Only some lines are wanted: please transcribe exactly those from the one containing "Before you start" through the end of the data, pictures excluded.
PROVIDED DATA Block Start
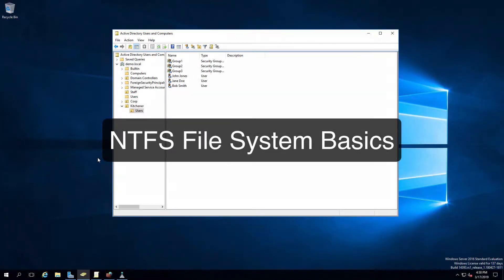Hi everyone, and welcome. In this review note, we're going to look at the basics of NTFS file system permissions.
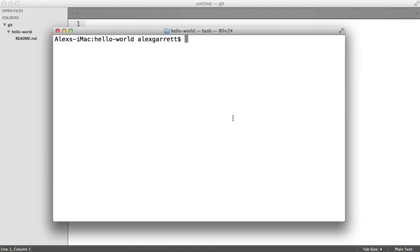Before you start writing all your wonderful code for your project, we need to set a few things up. Every time we make a change to our files and commit these changes — we'll be covering committing next — we're identifying ourselves by our name and our email address, and this is really important so people know who you are.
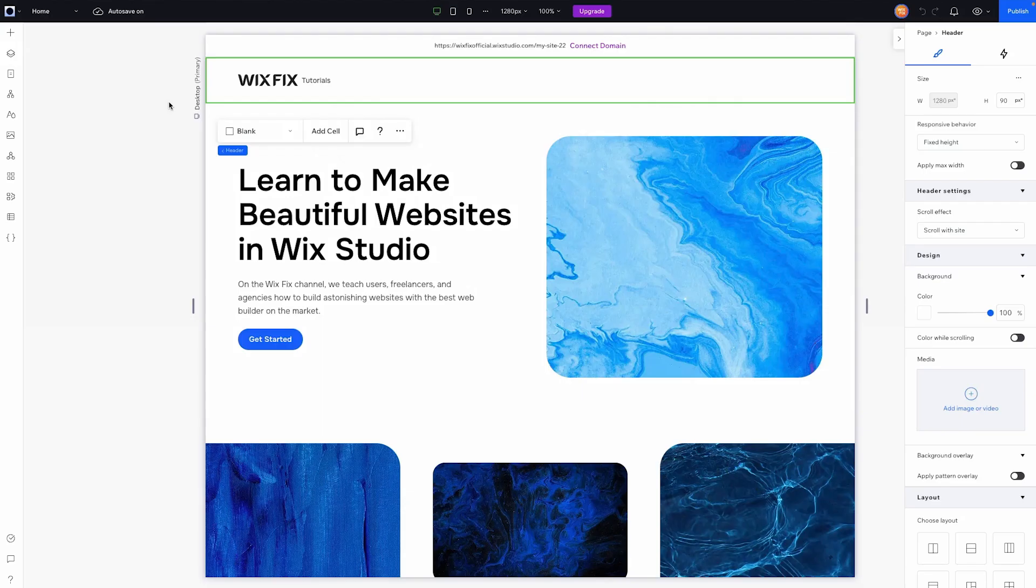Hey everyone, welcome back to WixFix. I hope you're having a fantastic day. My name is Ryan and in today's video I'm going to show you the brand new hamburger menus inside of Wix Studio. Let's go ahead and get started.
PROVIDED DATA Block End
OUTPUT OF THE EXERCISE =
Before you start writing all your wonderful code for your project, we need to set a few things up. Every time we make a change to our files and commit these changes — we'll be covering committing next — we're identifying ourselves by our name and our email address, and this is really important so people know who you are.
Hey everyone, welcome back to WixFix. I hope you're having a fantastic day. My name is Ryan and in today's video I'm going to show you the brand new hamburger menus inside of Wix Studio. Let's go ahead and get started.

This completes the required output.